How A Senior Engineer Can Grow Their Career

Senior engineers have proven themselves to be extremely capable at shipping high-quality, complex software efficiently. This collection breaks down how they operate and how you can get to this level too.

Dealing with Confusing Feedback from my CTO in a pre-seed stage startup

Senior Software Engineer at Pre-Seed Startup profile pic
Senior Software Engineer at Pre-Seed Startup

Hey all, I’ve been working at a pre-seed startup for the last two months and I think I haven’t “clicked” with the CTO yet (I’m the only engineer right now).
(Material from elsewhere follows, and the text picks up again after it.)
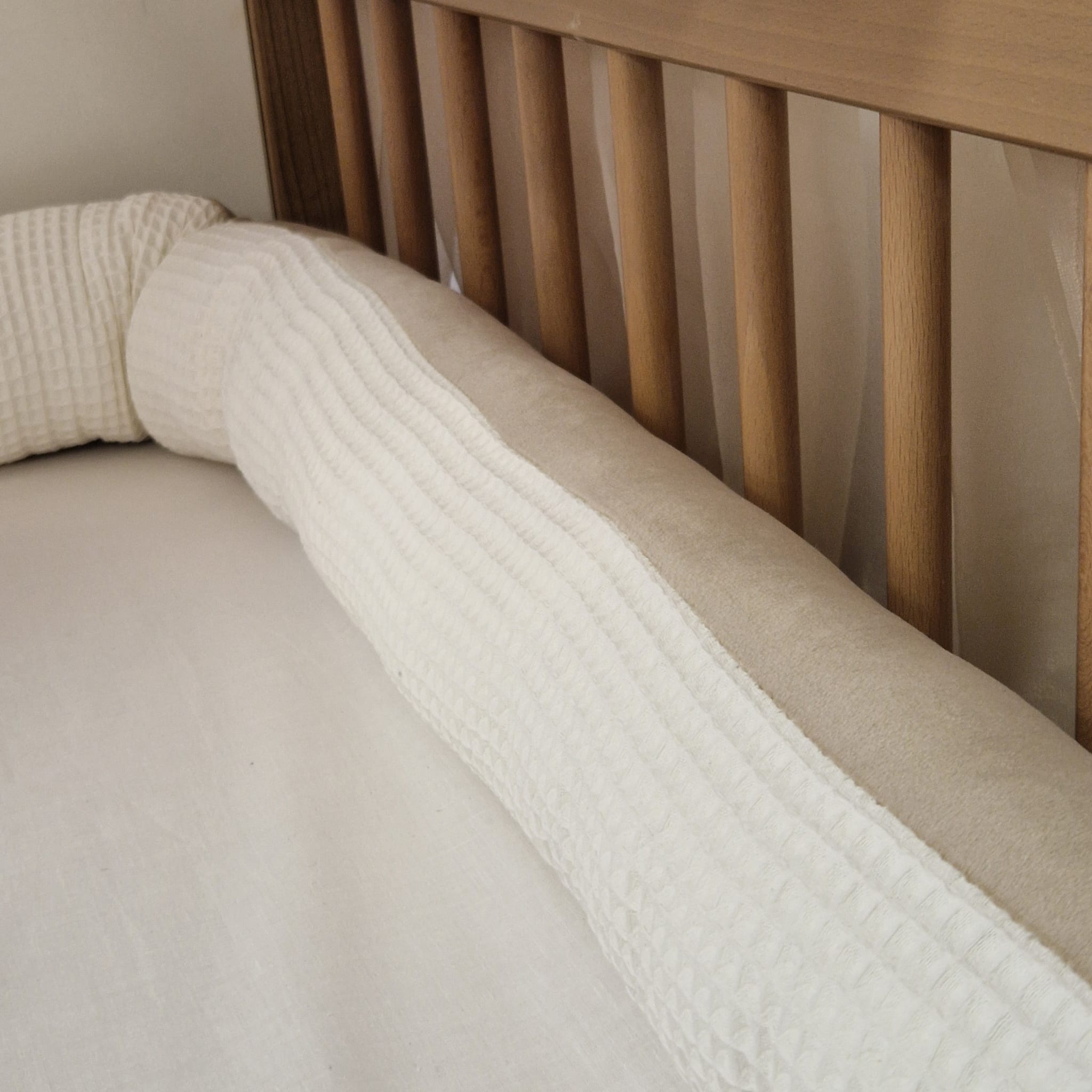 Wickeltischumrandung | Bettumrandung ROYAL | Waffelpique & Velours | Ecru & Beige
To give you some context

  1. We’re aiming to launch two experiments per week so they are more MVPs rather than complete features (I’m ok with cutting corners and making things “not the right way”)
  2. Each experiment I’m launching sends data to Mixpanel so we can know if it “moves the needle” or not. These experiments are aligned with our KPIs (see #5)
  3. My CTO who happens to be the co-founder has little experience working in tech, I assume 1.5 years tops. He's 25.
  4. We're trying to find Product Market Fit
  5. The KPI we're after are: Retention and Revenue
  6. I've received praise from CTO and CEO about the work that I've done, and I'm extremely transparent with everything I do: Share status in Slack, and Linear, I record Looms, share screenshots, etc.
  7. We have 18 months of runway.

He has said twice that even though I'm superb technically speaking; he's having a hard time seeing me thinking about the product and how to improve revenue/retention and he wants to see more ownership on my end; and that frustrates me because as I said on #1 and #6, I've successfully launched experiments week by week and have received praised from them multiple times. So IDK what's going on, I find this to be frustrating because from my POV I've done great work, I've spoken to users, shipped and tracked experiments, and improved our development workflow (we don't work with prod data anymore), proposed new things that we can do, etc...

The last time I talked to my CTO about this (this has happened twice now) he suggested that I should think more about "growing the business and taking ownership" without giving me a clear path forward, and I assume that when I meet with him again this week he's going to play that card again (being vague about how to improve/what am I doing wrong)

It frustrates me because it doesn't make sense to me to work in a place where my contributions are not appreciated.

  • Have you been in a situation like this before?
  • If he doesn't give me a clear path forward, what can I do then? it seems that I missed the point the first time.
  • I know how bad the market is right now, but quitting is not out of the table (I have 12-18 months of runway/savings)

Thanks a lot!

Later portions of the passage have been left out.